What's the 350° for maintenance spending?
If you were told to bake an item of food without any further instructions, your best guess would be to start at about 350°. If you had to guess the speed limit on a residential street, you'd probably guess 25 miles an hour. If you were told you had to save for retirement all on your own with no further guidance, you'd probably guess to save about 10% of your income.
■ These numbers aren't necessarily universally valid, but they're pretty good starting points -- "Goldilocks zones" for their respective questions. They give a good baseline for figuring out where to start.
■ These Goldilocks values are useful because they are culturally embedded. A person doesn't have to become an expert to know that these values are a good place to start. Culturally embedded values are pretty useful if they help pass along common knowledge or collective wisdom in a way that helps people discern when things look too hot, too cold, or just about right.
■ Economists could do a huge amount of public good if they would come up with a good Goldilocks value for the amount that ought to be reinvested in repairs, maintenance, upkeep and ultimate replacement of expensive capital items. Accountants offer something like this in the form of depreciation schedules, but those numbers tend to be contaminated by adjustments made according to what offers tax advantages, rather than what strictly works in the tangible world. That doesn't give us the value that should be replaced or spent over time in order to keep a useful thing in good functioning order.
■ The deadly collapse at the condominium tower in Surfside, Florida, puts this problem in stark relief. Too many people go without the expectation that ongoing maintenance and upkeep cost real money. Hesitation, resistance, and reluctance are stoked by the lack of a common language for how often and how much we ought to be spending to rebuild, rehabilitate, and maintain the things the make life work.
■ Without a culturally embedded expectation of how much is "just about right", it's hard to know when we're spending too little or when we're spending too much. If we don't have a good baseline, we really can't tell whether we're in the right zone.
■ Perhaps nothing reveals the vacuum of a common cultural understanding of the right value for reinvestment than how we treat infrastructure spending at the national level. There's no reason for a society that is reasonably paying for its own maintenance and repair to have to spend trillions of dollars at a time on infrastructure. That reflects a mindset that says we only "fix on failure". We let the failures grow to the point where the spending seems absolutely unavoidable and then we spend money measured in the trillions of dollars in a single fell swoop.

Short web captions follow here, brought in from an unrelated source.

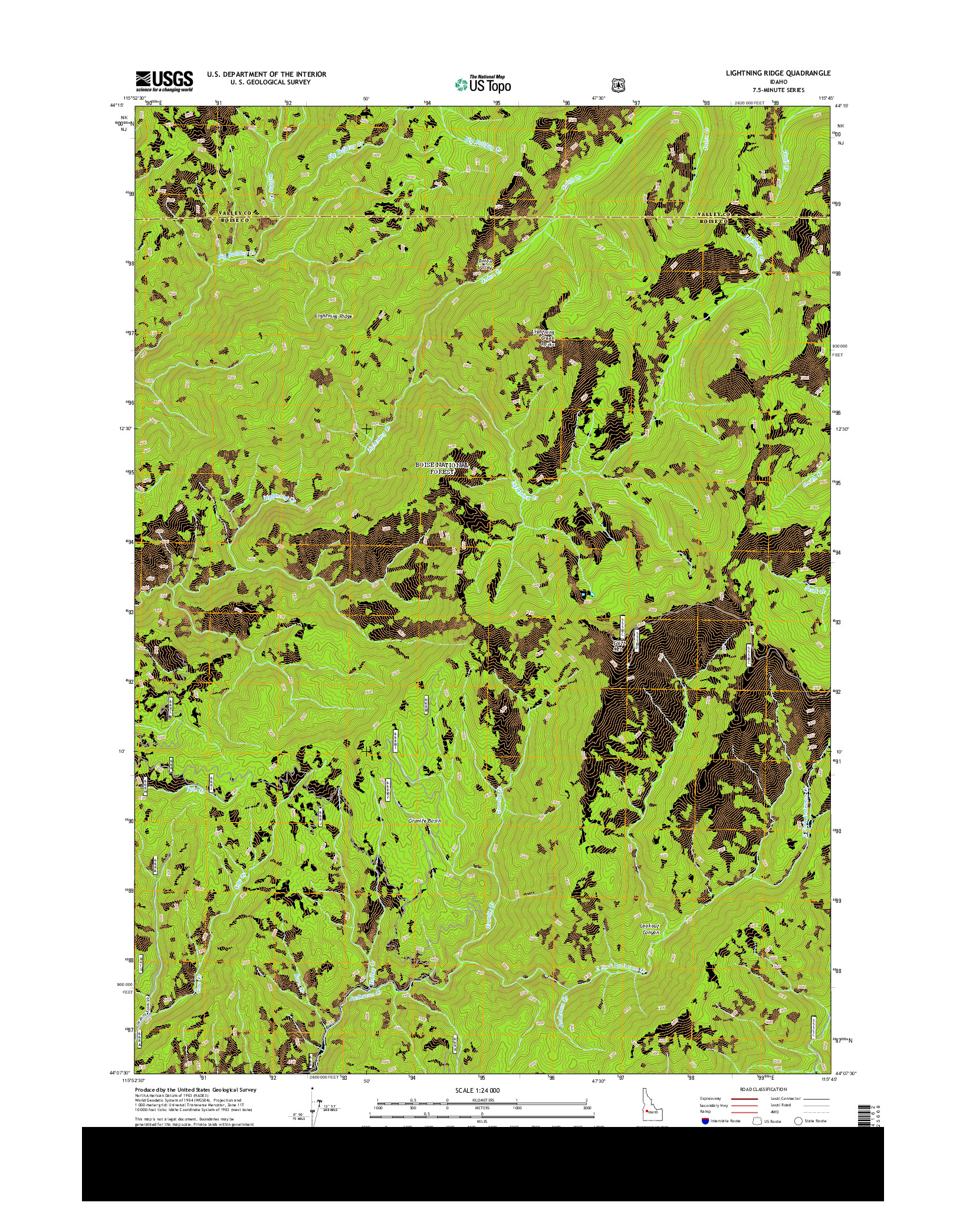 USGS US TOPO 7.5-MINUTE MAP FOR LIGHTNING RIDGE, ID 2013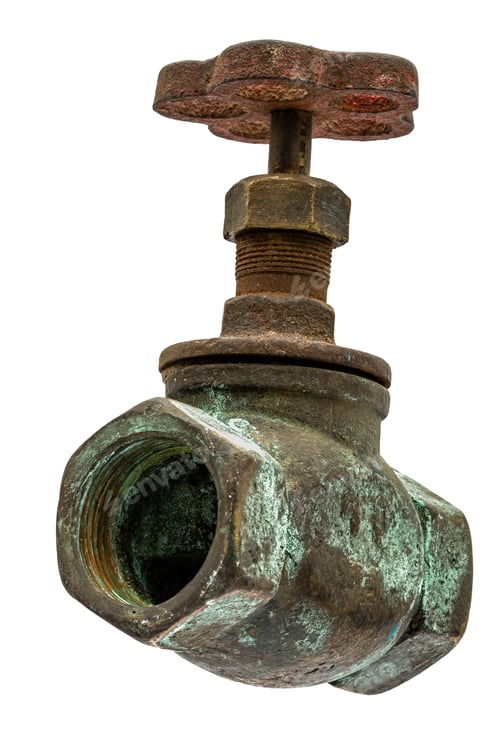 Preview: Old water faucet, isolated on white background
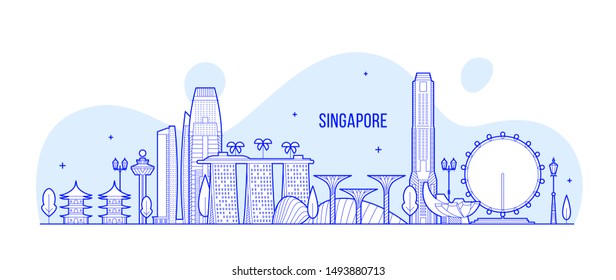 Singapore skyline. This illustration represents the city with its most notable buildings. Vector is fully editable, every object is holistic and movable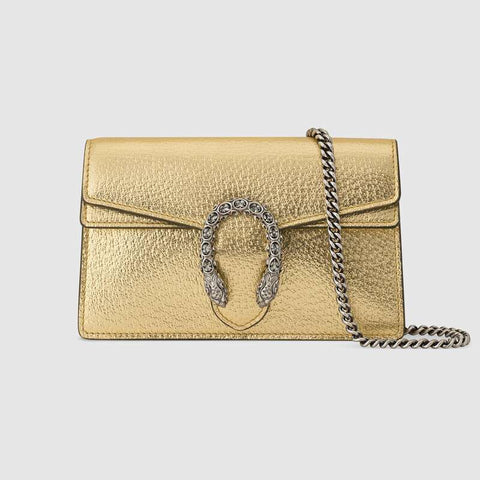 Dionysus super mini bag Gold lamé leather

■ That is neither responsible citizenship nor good custodianship. And it's not economically responsible either. But because we don't have an expectation for what is "just about right", we don't have a sense of when we are under-investing or spending more than we should.
■ It's often lamented that infrastructure projects in the United States appear to cost much more than comparable work in many of our peer countries around the world. Of course, failure has many fathers. But always putting off our spending until a crisis really doesn't offer us the opportunity to spend in responsible ways with a sensible payoff.
■ We don't need a perfect Goldilocks value for all of this -- we just need a decent starting point. Whether you're a state legislator, a city council member, a condominium board member, or just an ordinary taxpayer, you need some sense of how much ought to be the right point to start our budgeting.
■ Without it, we're left scrambling to fix on failure and treat every situation as a crisis. That offers us neither the ability to budget responsibly in advance, nor the mental space to think through whether we're getting the right value for our spending.